The aforesaid rule is based on section 80 of the Civil Procedure Act, Cap. 21 Laws of Kenya which states as follows:
“Any person who considers himself aggrieved-
(a) by a decree or order from which an appeal is allowed by this Act, but from which no appeal has been preferred; or
(b) by a decree or order from which no appeal is allowed by this Act.
may apply for a review of judgment to the court which passed the decree or made the order, and the court may make such order thereon as it thinks fit.
Under Section 80 of the Civil Procedure Act, the court has unfettered discretion to make such order as it thinks fit on sufficient reason being given for review of its decision. However this discretion should be exercised judiciously and not capriciously. The defendant/applicants submitted that they may be evicted from their portion of land on the strength of the eviction orders issued by the court and yet the defendant/applicants do not reside within the 2. 6 acres of land parcel number Marama/Lunza/54. That the defendant/applicant’s stays away from the 2. 6 acres that the court has ordered them to be evicted from. The respondent submitted that the defendants have disobeyed the eviction orders of the honourable court issued on the 27th day of September, 2019. That the defendants/applicants herein are staying illegally on the disputed land which measures 2. 6 hectares which was surveyed and a title deed issued. I see no mistake or error or omission on the part of the court as the court order is clear. In Court of Appeal, Civil Appeal No. 2111 of 1996, National Bank of Kenya vs Ndungu Njau, the Court of Appeal held that;
“A review may be granted whenever the court considers that it is necessary to correct an apparent error or omission on the part of the court.
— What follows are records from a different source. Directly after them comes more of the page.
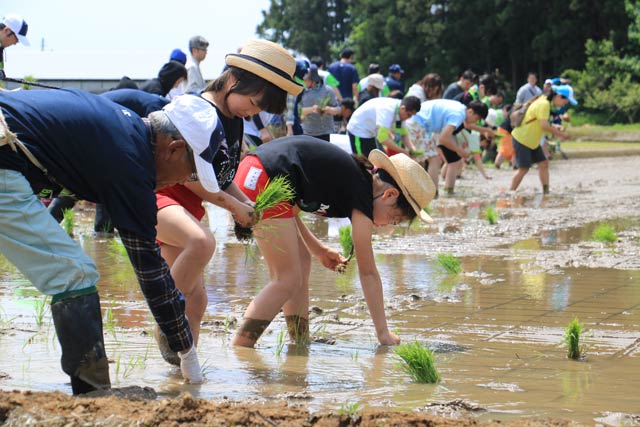 「スワローズ・ライスファーム」の田植え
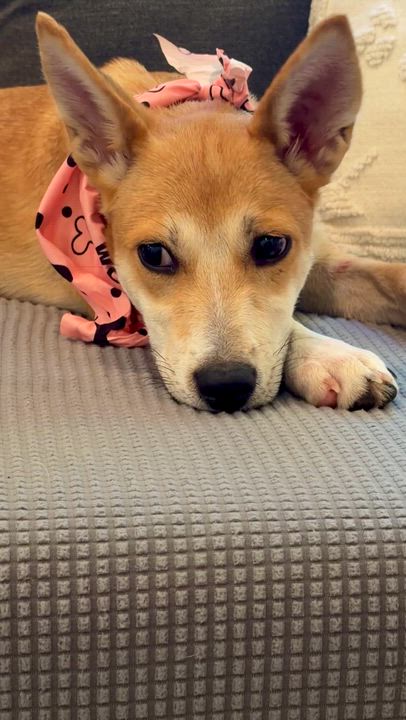 Enlarge Holly great puppy, a Adopted mixed breed in Lake Forest, IL video 2/6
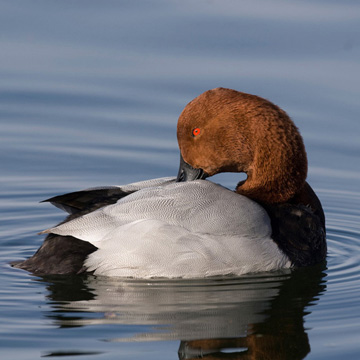 Common Pochard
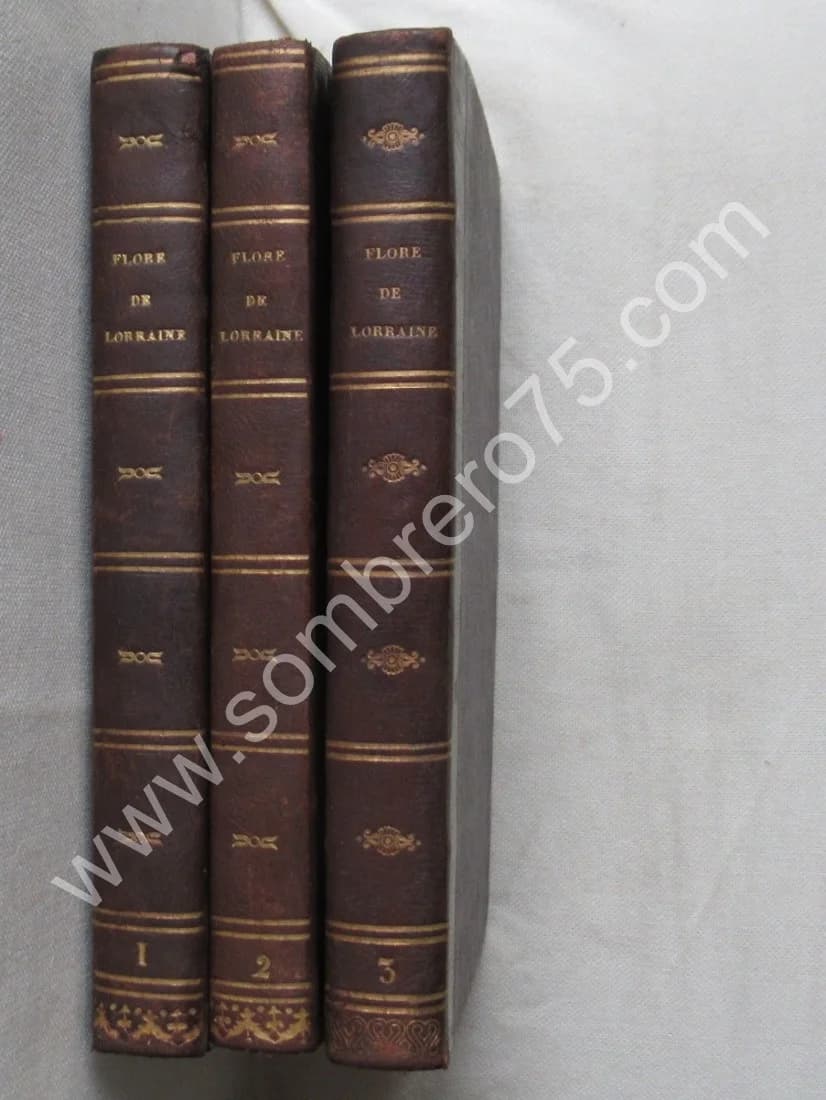 Dr D.A. GODRON. Flore de Lorraine- 3 Tomes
The error or omission must be self evidence and should not require an elaborate argument to be established. It will not be sufficient ground for review that another Judge could have taken a different view of the matter nor can it be a ground for review that the court proceed on an incorrect expansion of the law”.
From the above provisions of the law, authorities cited and facts of this case I find that the applicant has failed to show any mistake or error apparent on the face of record and/or any sufficient reason to enable this court set aside its decision. If the applicants do not live on the suit land then they has no cause to worry as the court orders is clear on who is to be evicted and from where. Their recourse if dissatisfied is now to file an appeal. I find this application is not merited and I dismissed it with costs.
It is so ordered.
DELIVERED, DATED AND SIGNED AT KAKAMEGA THIS 22ND JUNE 2021.